Exercise: Give the records again in full, exactly as they appear, but without the pictures.

Material provided:
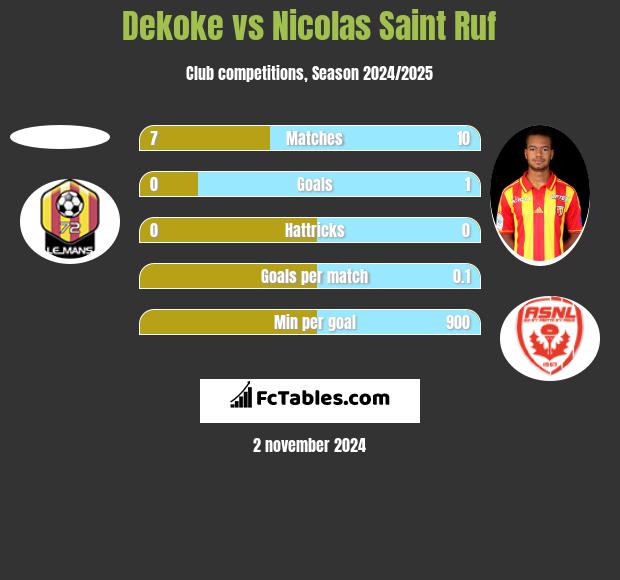 Dekoke vs Nicolas Saint Ruf h2h player stats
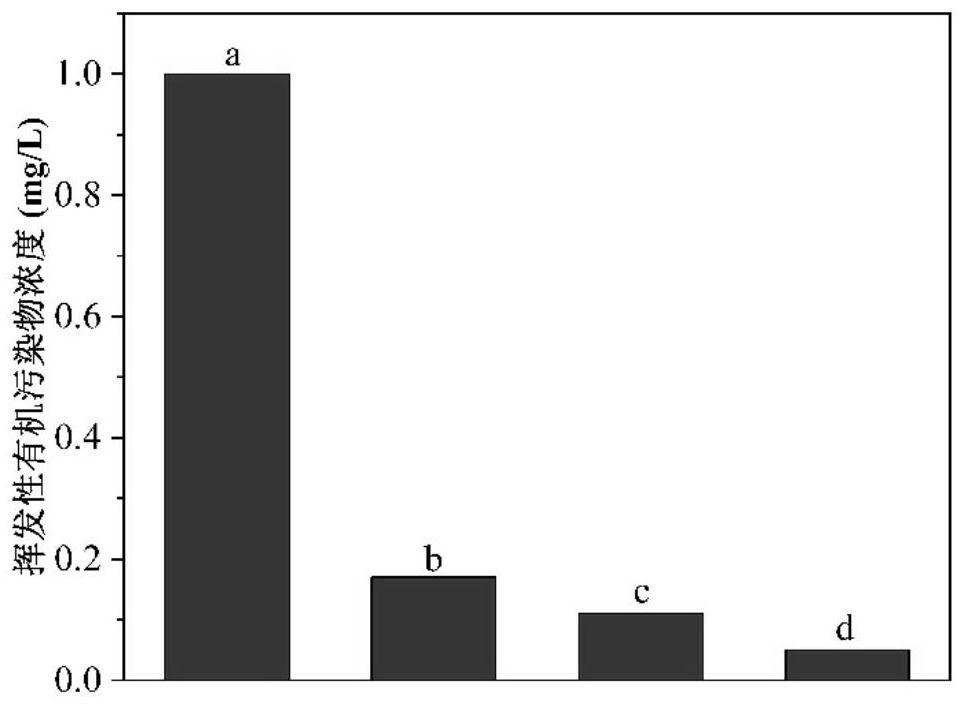 Method for reducing VOCs entering photo-thermal distillation condensation desalinated water by using activated persulfate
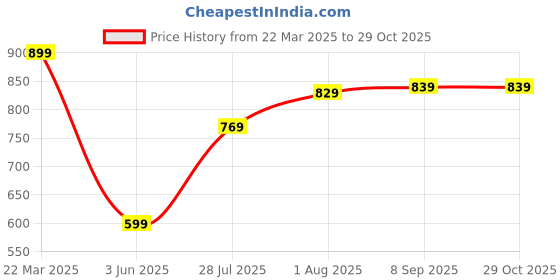 myntra.com Thomas Scott Men Textured Polo Collar Regular Fit T-shirt thomas scott Price History Graph from 22 Mar 2025 to 28 Oct 2025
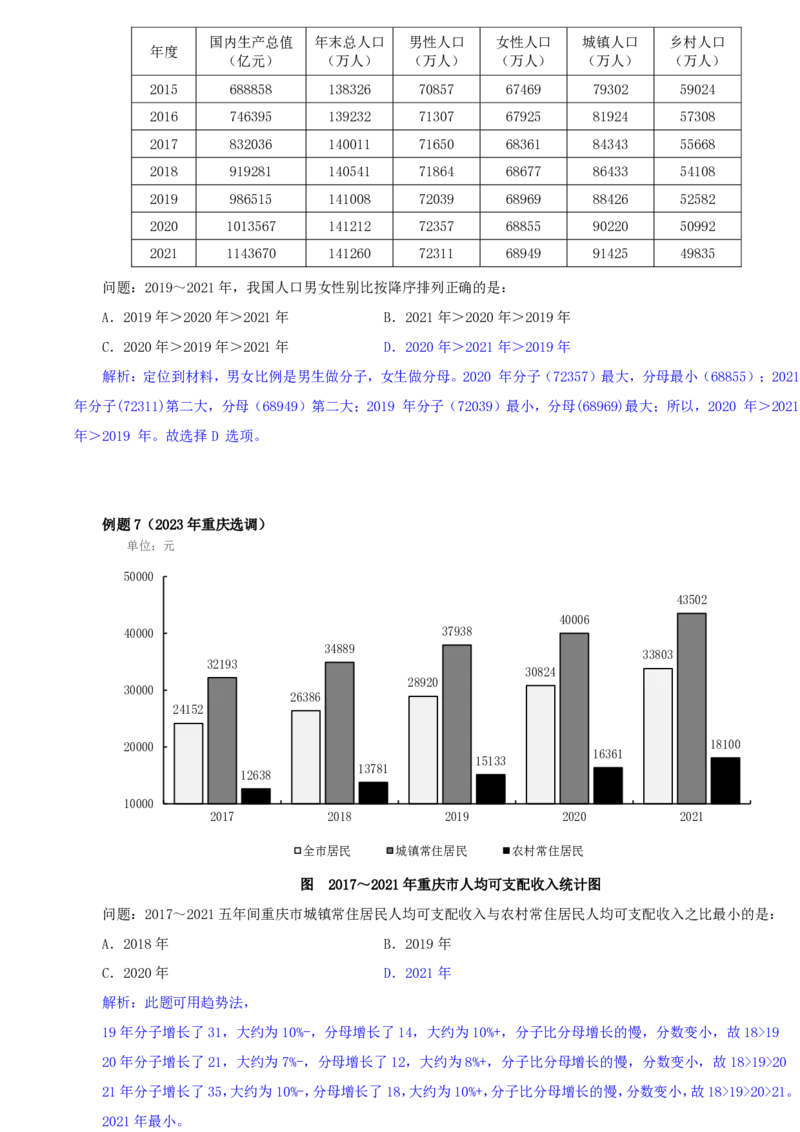 四海25下半年-资料分析第七讲随堂笔记_2026考公资料_花生十三合集_旗舰班-国考（2026版）花生十三旗舰班（花生行测+飞扬申论）⭐⭐⭐_资料分析_随堂笔记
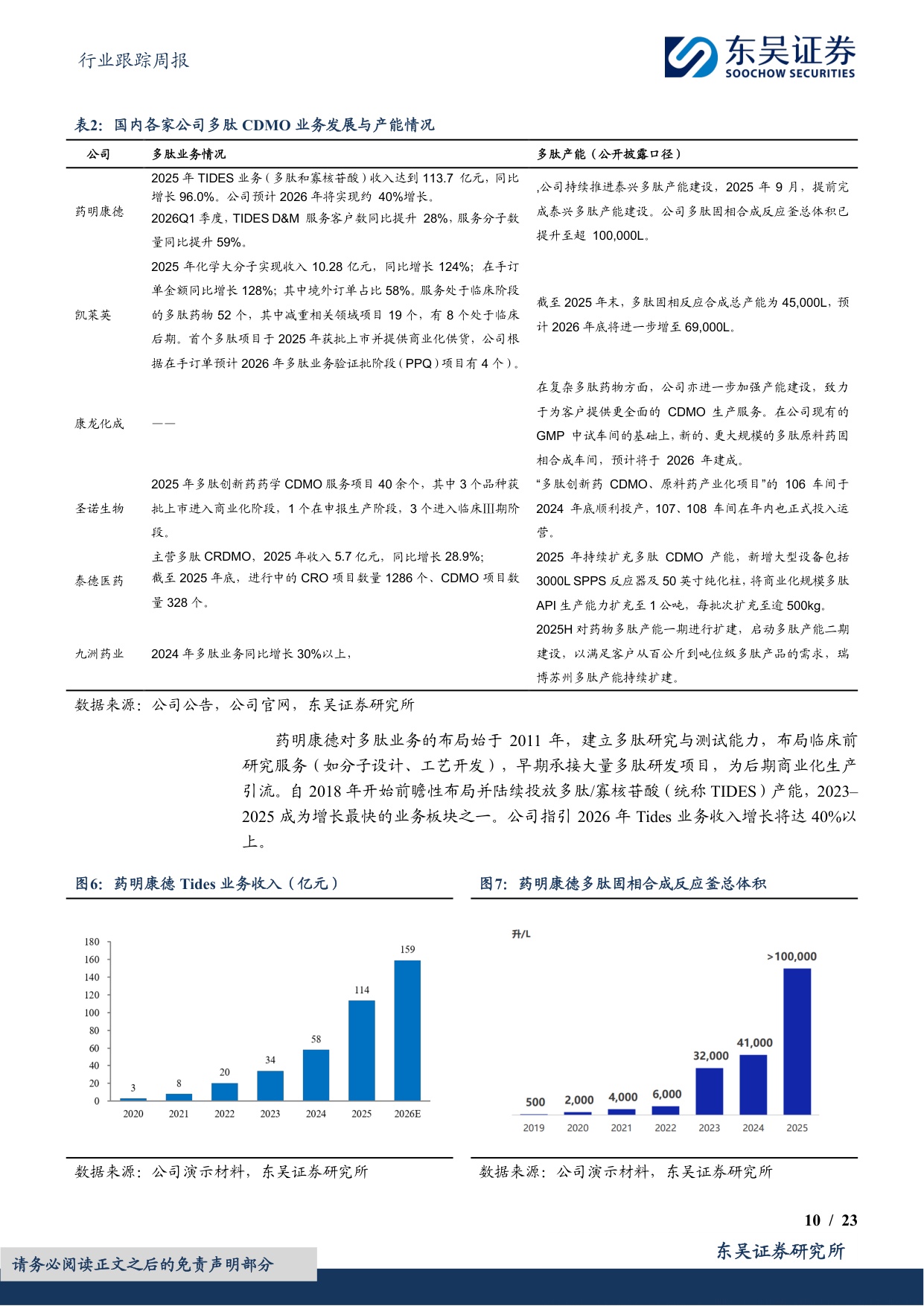 东吴证券-医药生物行业跟踪周报CXO景气度依然很高关注药明康德凯莱英等.pdf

Response:
 Dekoke vs Nicolas Saint Ruf h2h player stats
 Method for reducing VOCs entering photo-thermal distillation condensation desalinated water by using activated persulfate
 myntra.com Thomas Scott Men Textured Polo Collar Regular Fit T-shirt thomas scott Price History Graph from 22 Mar 2025 to 28 Oct 2025
 四海25下半年-资料分析第七讲随堂笔记_2026考公资料_花生十三合集_旗舰班-国考（2026版）花生十三旗舰班（花生行测+飞扬申论）⭐⭐⭐_资料分析_随堂笔记
 东吴证券-医药生物行业跟踪周报CXO景气度依然很高关注药明康德凯莱英等.pdf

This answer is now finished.